I started to first play a game to see how it was on the PS2. I must say the graphics are very good but no where near the quality of the PS3. You can still enjoy them though and a lot of the players look real but some do not. Glen Johnson is probably the player who does not look much like him self at all in the game the rest are alright from what I saw.
Playing the game was simple with the same controls put in the game. You could easily get used to the game but it was much better and smoother this game. The option of calling your goalkeeper out still remains in the last minute for a corner in the game.
Scoring goals from free kicks has changed now and its not so much easier now. You have to make sure you put in enough power or else your shot goes wide or straight into the wall. The best thing I liked about the game is the new keeper AI the keeper does make beautiful saves in the game looks awesome.
I checked the game out online and was not short of finding any one to play at all. A huge number of people use the game online to play so you are never short of finding somebody to play online in the game neither. The version on the PS2 is just as good as the PS3 Version expect for the graphics.

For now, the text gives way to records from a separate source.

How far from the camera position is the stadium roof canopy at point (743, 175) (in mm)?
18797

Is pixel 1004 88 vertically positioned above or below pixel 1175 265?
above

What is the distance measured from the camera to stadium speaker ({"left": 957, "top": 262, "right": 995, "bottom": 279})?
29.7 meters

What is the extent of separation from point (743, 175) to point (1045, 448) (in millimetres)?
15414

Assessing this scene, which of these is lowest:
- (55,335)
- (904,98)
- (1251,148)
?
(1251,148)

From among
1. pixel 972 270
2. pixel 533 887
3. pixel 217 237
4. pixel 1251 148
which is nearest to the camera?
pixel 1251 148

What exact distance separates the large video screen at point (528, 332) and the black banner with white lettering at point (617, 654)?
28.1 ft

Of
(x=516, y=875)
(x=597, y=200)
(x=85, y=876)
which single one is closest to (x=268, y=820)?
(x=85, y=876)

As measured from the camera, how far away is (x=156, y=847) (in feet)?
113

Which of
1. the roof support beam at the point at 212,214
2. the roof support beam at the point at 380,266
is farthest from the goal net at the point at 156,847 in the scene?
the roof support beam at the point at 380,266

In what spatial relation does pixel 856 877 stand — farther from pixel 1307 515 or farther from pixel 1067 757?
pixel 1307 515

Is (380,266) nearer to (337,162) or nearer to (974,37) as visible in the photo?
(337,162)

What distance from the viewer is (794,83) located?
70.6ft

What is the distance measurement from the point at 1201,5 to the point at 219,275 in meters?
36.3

Fifa 10 is the latest installment of the FIFA series for the PLaystation 2. I imagine this would be the last FIFA on the Playstation 2 so getting this game I was expecting something special....
The menus, as usual are easy to navigate and are complimented by a good soundtrack of up--beat songs. No problems here, and a player that is just new to the game will be helped by an option at the start-up menu when you are creating your profile to choose what experience you have playing FIFA and the game will set the game and goalkeeper difficulty accordingly. After that you see the main menu, which you can choose various modes, all strangely involving football.
There are various tournaments to play in, as well as making your own. There is also manager mode, where you spend twenty years as a manager where you hae to buy and sell players, handle contract renewals etc. It is the main mode I play when I am playing FIFA but the transfer system is annoying. It takes too long too find the players your looking for and it gets so tiresome after a while you just don't bother making transfers.
The gameplay is good and matched by probably the best graphics you will see on the Playstation 2. However at times the controls seem a bit limited and the variety of goals lack the depth of the old Pro Evo games.
The commentary is good but sometimes (I'm looking at you Andy Gray) they get it all wrong, like once I hit the crossbar from the half-way line and was promptly told by the baldy scotsman: "He should have done a lot better.That's an easy chance".
So far I have been positive, as the game is pretty much flawless, but the main problem with this game is that it is pretty much exactly the same as FIFA 09. Apart from the new kits and updated squads, there is no difference between the two. This probably another sign that this will be FIFAs last hurrah in the PS2. It has not gone out with guns blazing, but rather made a dignified exit from the Playstation 2.